------ Data excerpt ------
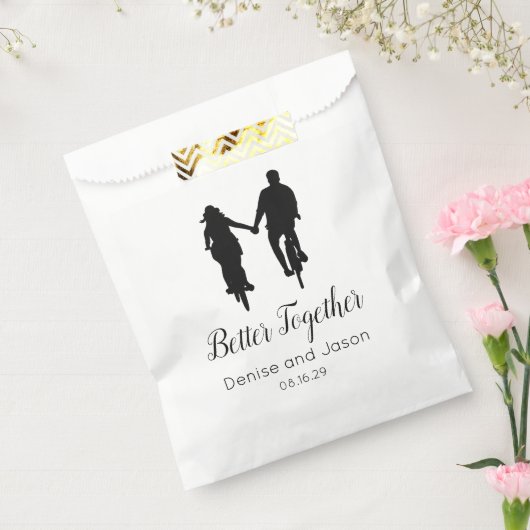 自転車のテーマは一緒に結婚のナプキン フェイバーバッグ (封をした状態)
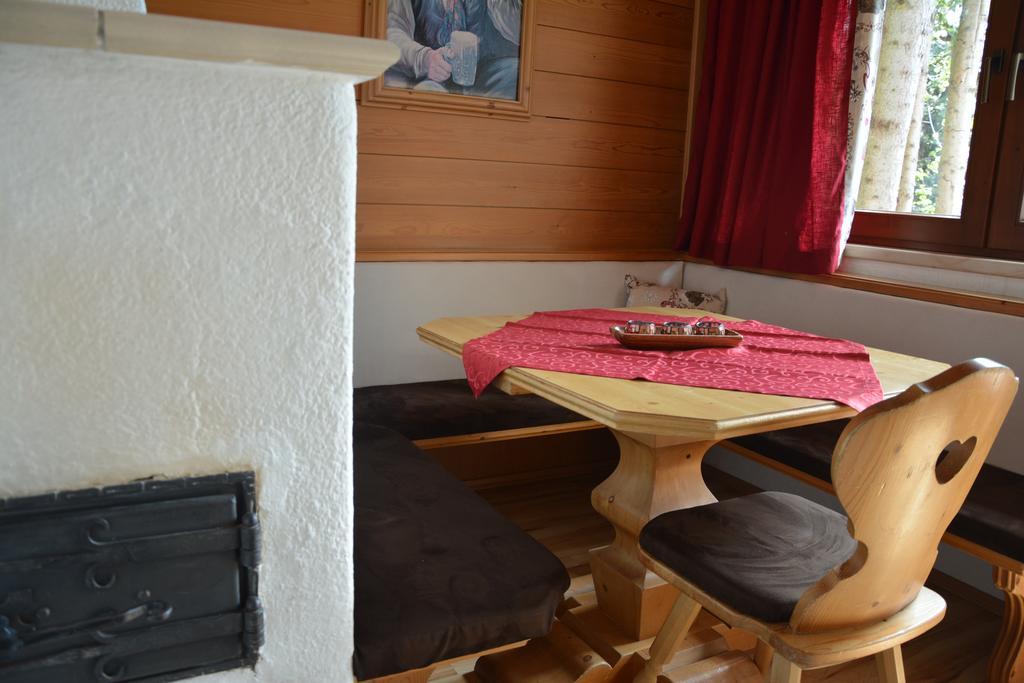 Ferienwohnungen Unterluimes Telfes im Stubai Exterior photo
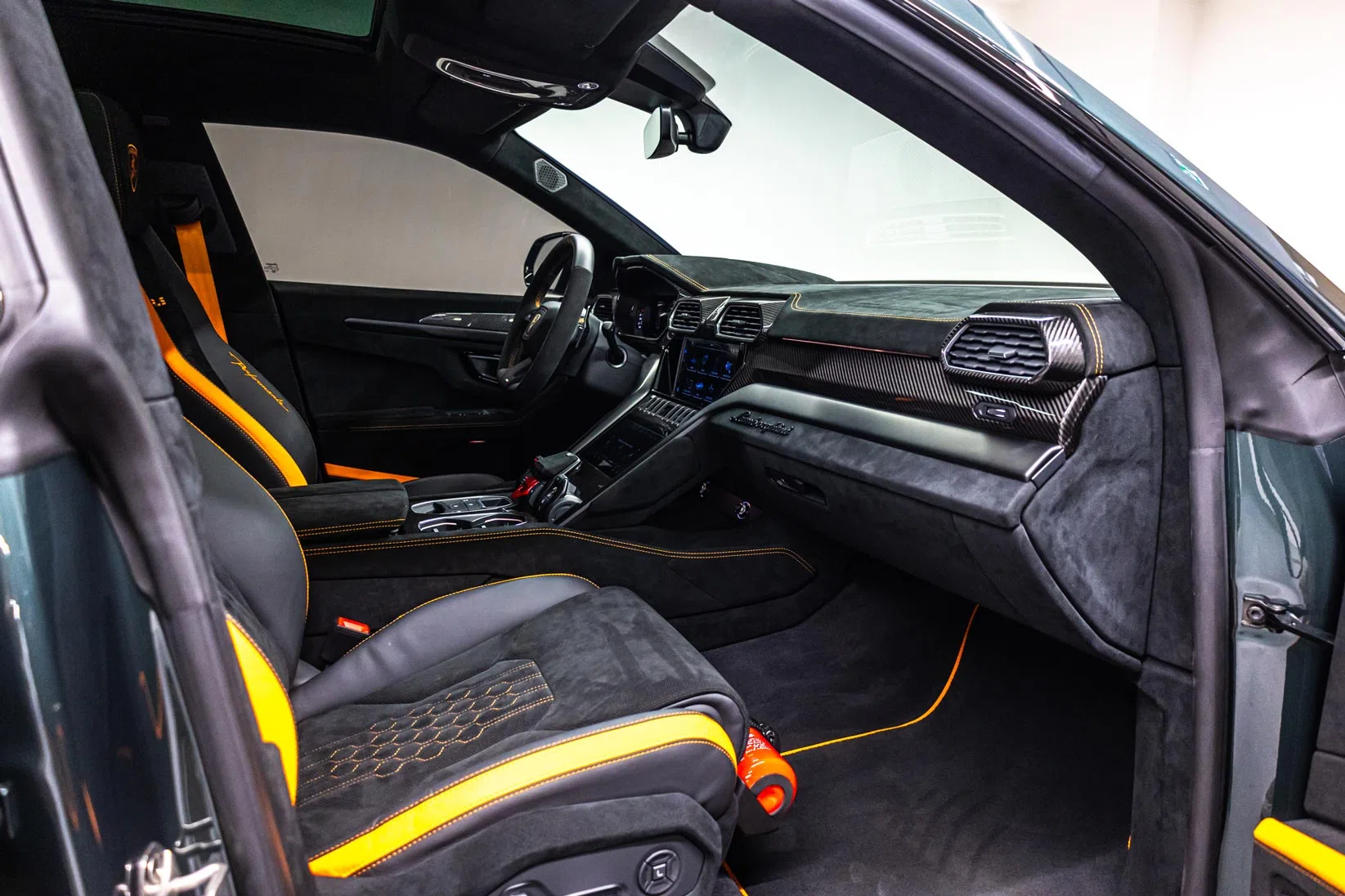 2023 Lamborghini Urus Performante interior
------
• [Aim of the exercise]: With images omitted, output the data exactly as given.

• [Solved problem]:
 自転車のテーマは一緒に結婚のナプキン フェイバーバッグ (封をした状態)
 Ferienwohnungen Unterluimes Telfes im Stubai Exterior photo
 2023 Lamborghini Urus Performante interior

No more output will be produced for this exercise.